It is imperative that inpatient directors and managers, train, support and encourage staff to be more diligent in documenting the needs of the clients being served. This allows not only the clients voice and needs to be heard and identified, which empowers them and gives them a better chance at recovery, it demonstrates a higher standard of excellence for the clinician and their profession.

For staff development and human resource departments, working closely with department heads on how to support and encourage due diligence in documenting is key, identifying and implementing discipline specific standards’ in documentation and holding department heads accountable for the adherence of their staff, Collaborating and working closely with IT to explore how technology can be integrated into work flow procedure and/or electronic documentation to help stream line the process, decreasing the risk of staff reverting back to old documenting habits.

I recall raising the issue and trying to raise support to implement electronic documentation utilizing a program already in place, and under utilize by the social services department. However, my support retired prior to getting it started and I resigned soon after.

After several readmission and episodes later, caregivers, clients and (depending on how bad the episode was) the community treatment staff throws their hands up in defeat and label the client as non-rehab-able. I have even witnessed several well known community providers refuse to accept clients back into treatment despite stabilization success.

Common claim made by a well known CSB on several occasion:
“That client is no longer with our program – he/she was banned from the program because he/she posed a threat to our staff during an episode which took place 3-4 years ago”.
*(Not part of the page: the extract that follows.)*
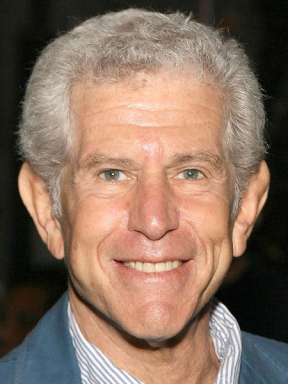 Tony Roberts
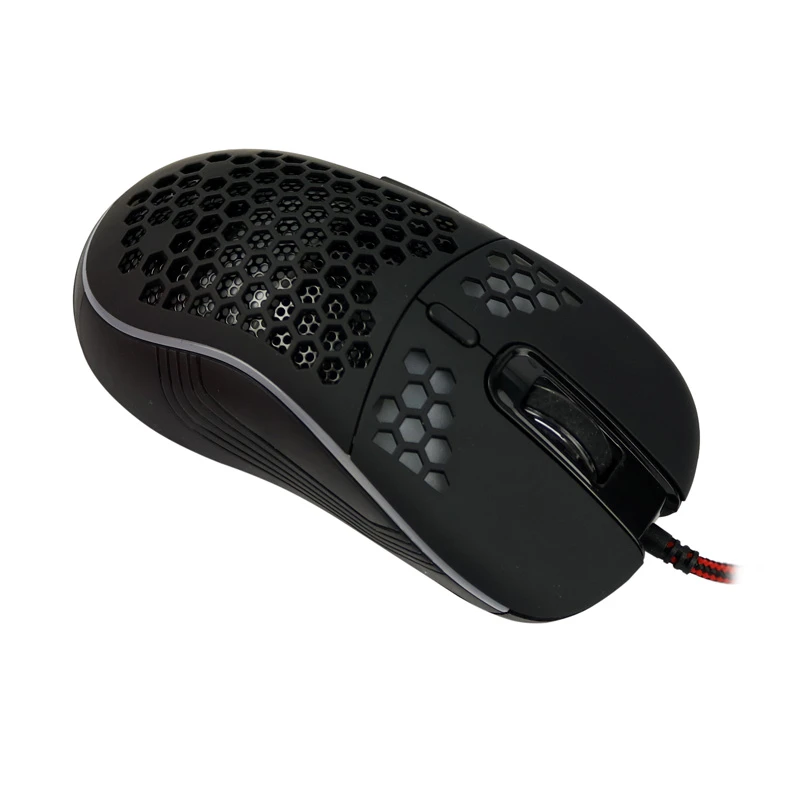 ماوس tm 765 تسکو مخصوص بازی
Having spearheaded a recidivism project and trended the data at one of Georgia’s oldest and largest psychiatric campus, I believe that that the problems many clients face do not stem from their inability to pay for treatment or from receiving inadequate services while admitted to an inpatient treatment facility! No, the biggest gap in services occur POST discharge from an inpatient facility.

2009 Program outcomes revealed that community outpatient programs/treatment failed at providing comprehensive services to clients after discharge resulting in over 70% of the readmissions. Findings also revealed that most programs that included an ACT team had fewer readmissions than those without such programs (this included both Adult mental health and forensics clients).
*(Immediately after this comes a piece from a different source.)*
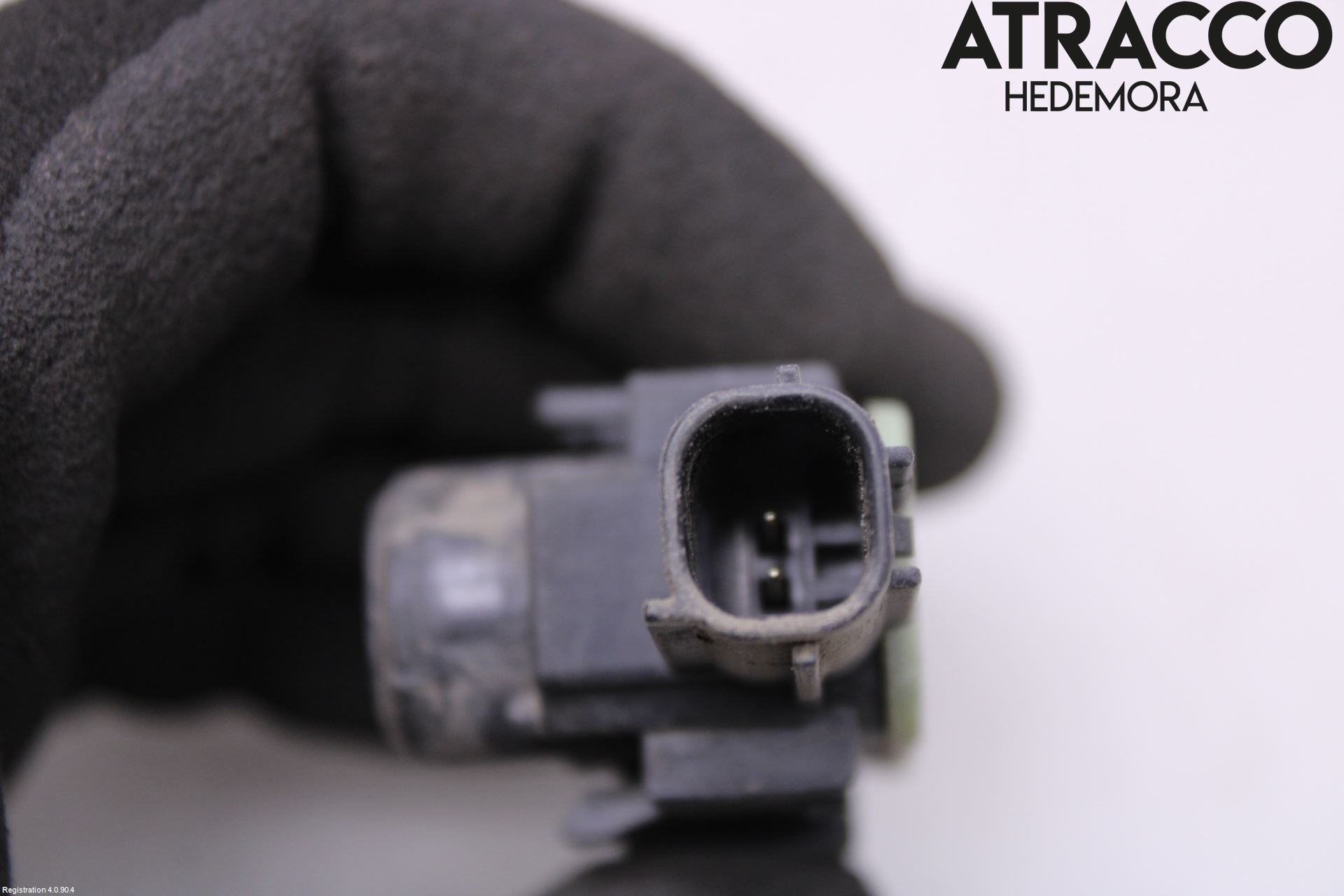 Mazda 6 13- Sensor Ryggesensor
Another finding which seems to take a back seat to all other findings, but that I believe warrants a spotlight is the support and services provided to the families and care givers of clients (AMH, DD/MR) regarding awareness, access and training.
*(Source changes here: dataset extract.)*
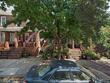 1625 webster st, baltimore,  MD 21230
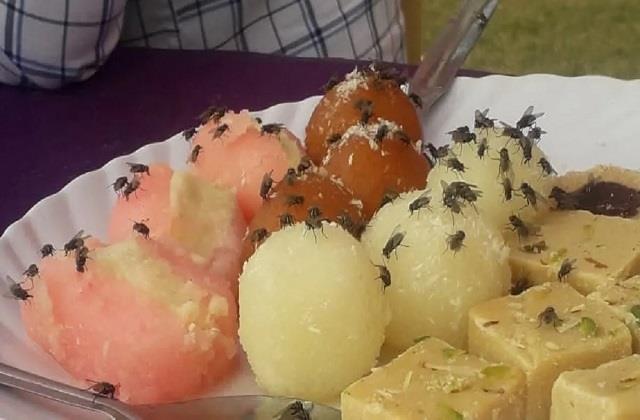 हरियाणा के इस इलाके में बेटी की शादी करने से डरते हैं लोग, वजह जानकर हो जाएंगे हैरान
After 12 ½ months of trending readmission data which spanned across 10-15 years, providing group therapy to clients enrolled in a readmission track curriculum, collaborating with administrators at several local CSB’s and participating in weekly treatment team meetings for clients readmitted, program outcomes revealed that the biggest gap in the recovery model was the support provided to care givers and families. Only 2% of families and caregivers of clients in the program understood the dynamics of the specific diagnosis and treatment options available to them and their loved one.

My findings, however never came to the attention of those in a position to make a difference, or not that I was aware of. Instead, when the results of the program were presented, I was told that the information was irrelevant. Yet, a few months later in a Department Of Justice (DOJ) investigation report, several of the same concerns were identified, and action initiated. I was later promoted and transferred to another unit without mention of the program outcome report, which I guess was my boss’ way of saying I had done okay. With the DOJ investigations continuing and haunted by the findings of the program, I felt my hands were tied, and outside of traditional lobbying for changes and funding, I recall advocating to my staff of social workers and other administrative staff, a need to raise the bar in clinical documentation.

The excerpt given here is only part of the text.